### Directions
A word-for-word copy of the following listing is needed. Leave out its images.

### The data

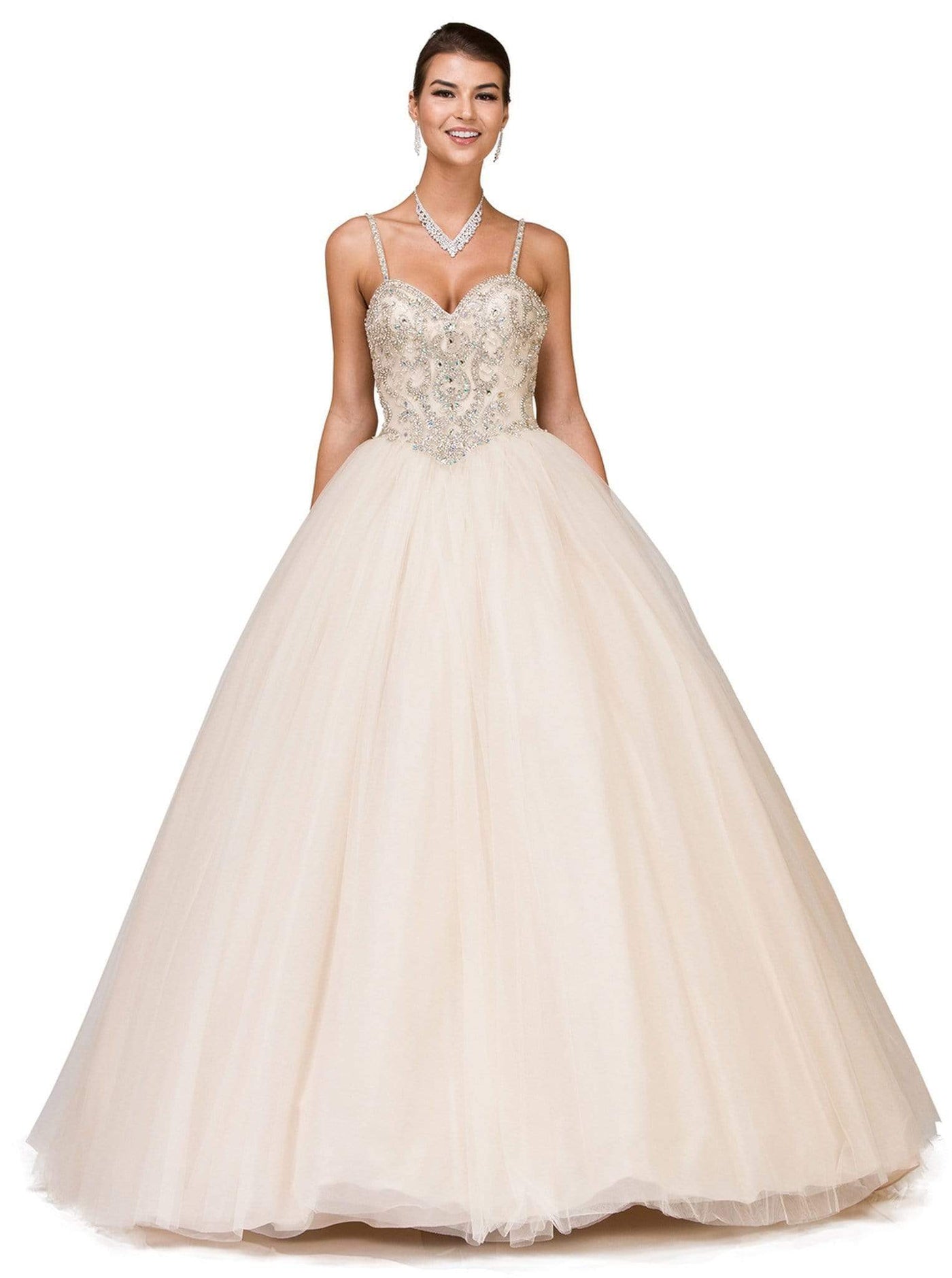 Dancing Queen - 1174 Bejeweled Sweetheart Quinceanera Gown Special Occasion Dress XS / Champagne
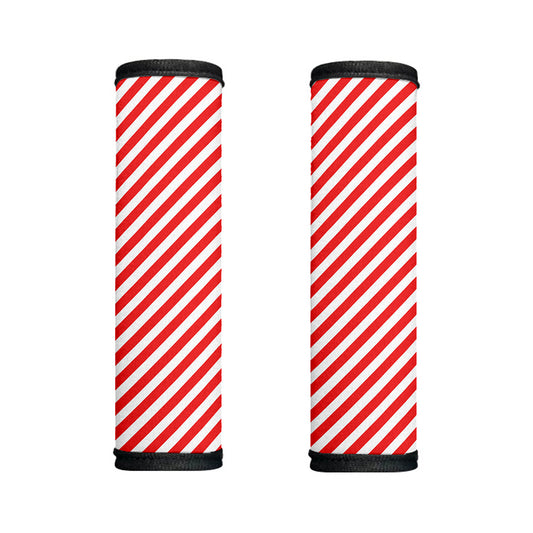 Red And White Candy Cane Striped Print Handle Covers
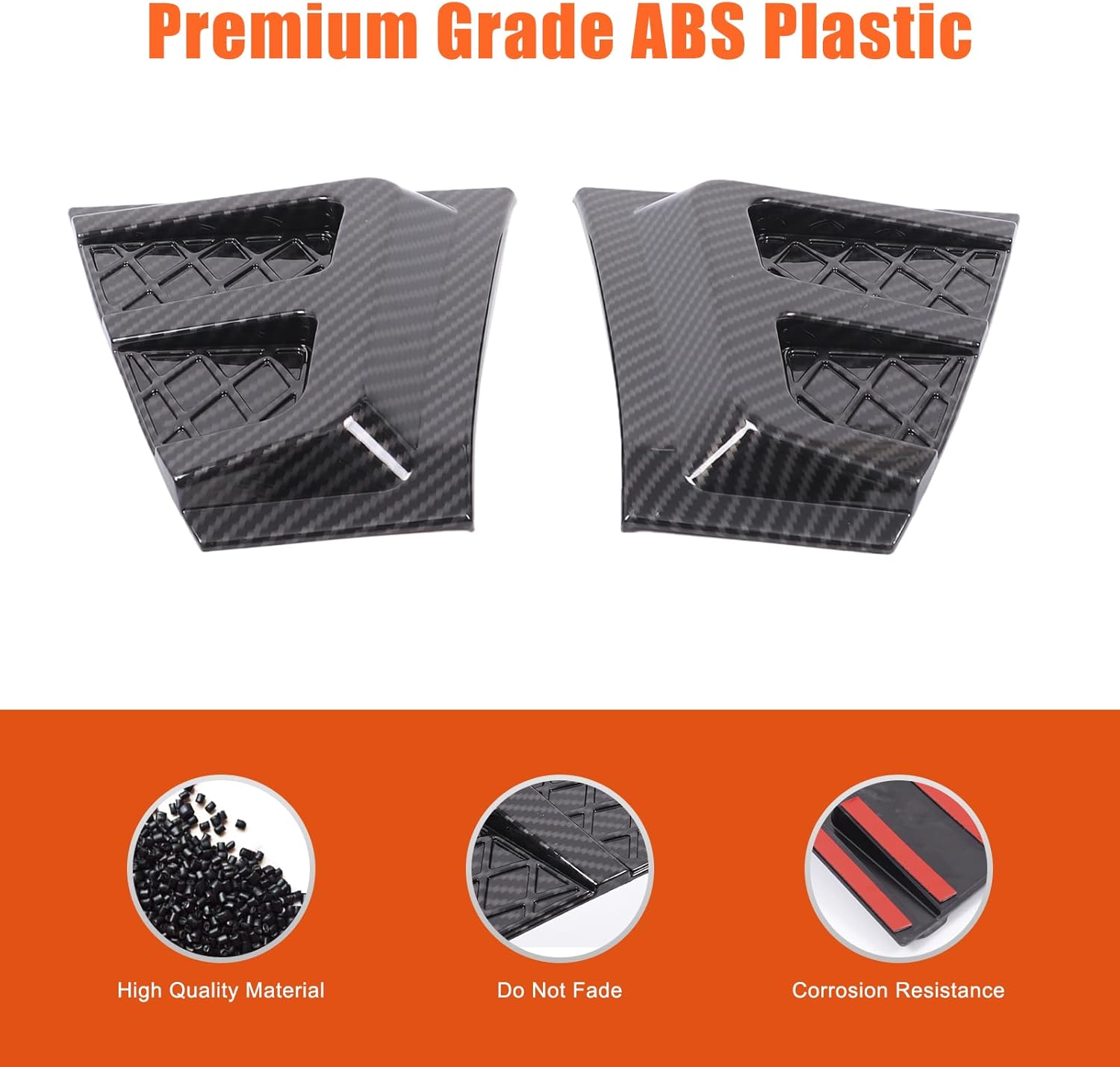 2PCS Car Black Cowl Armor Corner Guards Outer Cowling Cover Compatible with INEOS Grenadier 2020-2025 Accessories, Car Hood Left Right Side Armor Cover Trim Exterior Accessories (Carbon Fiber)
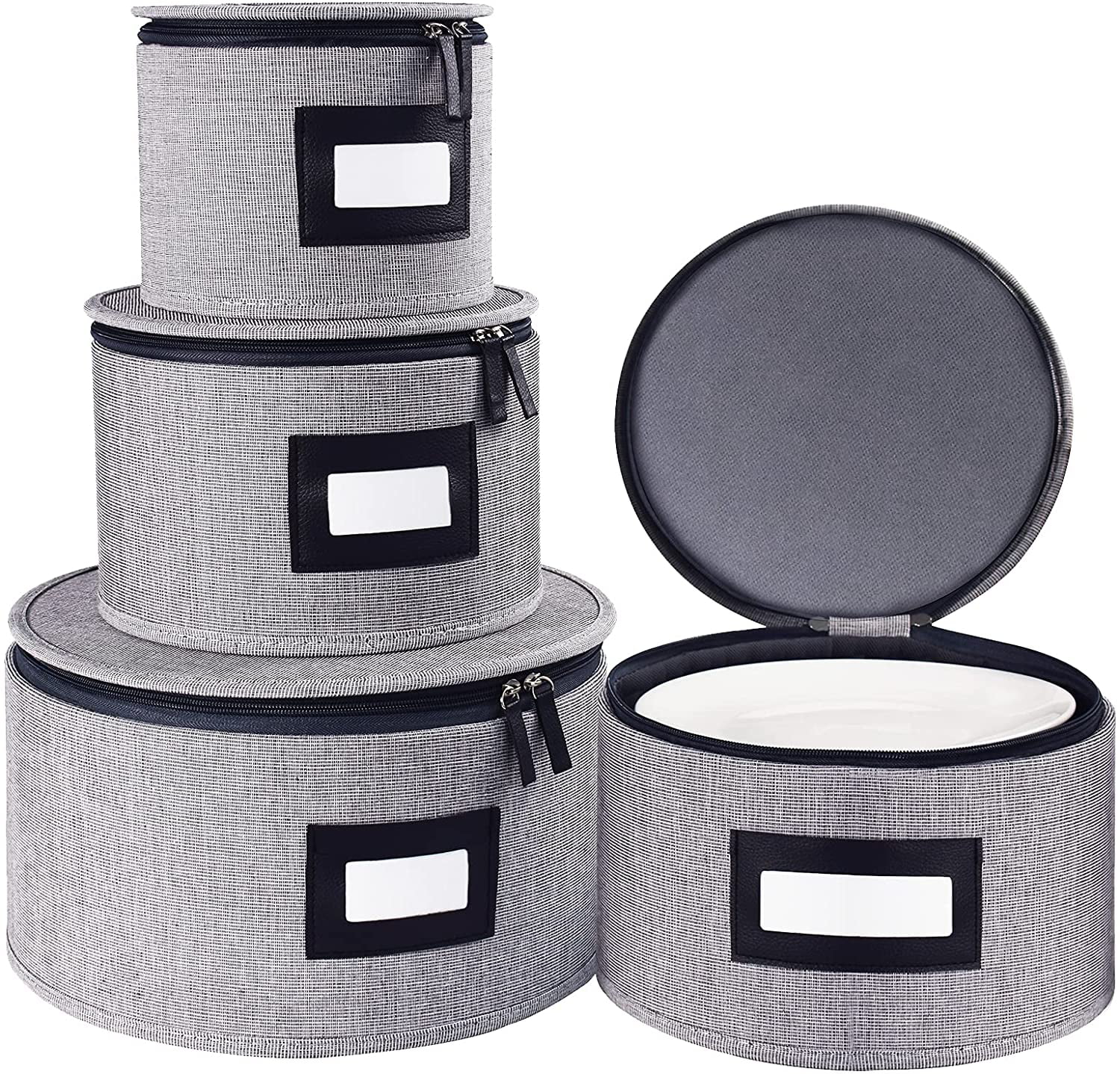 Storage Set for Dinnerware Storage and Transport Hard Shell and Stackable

### Response to this task
 Dancing Queen - 1174 Bejeweled Sweetheart Quinceanera Gown Special Occasion Dress XS / Champagne
 Red And White Candy Cane Striped Print Handle Covers
 2PCS Car Black Cowl Armor Corner Guards Outer Cowling Cover Compatible with INEOS Grenadier 2020-2025 Accessories, Car Hood Left Right Side Armor Cover Trim Exterior Accessories (Carbon Fiber)
 Storage Set for Dinnerware Storage and Transport Hard Shell and Stackable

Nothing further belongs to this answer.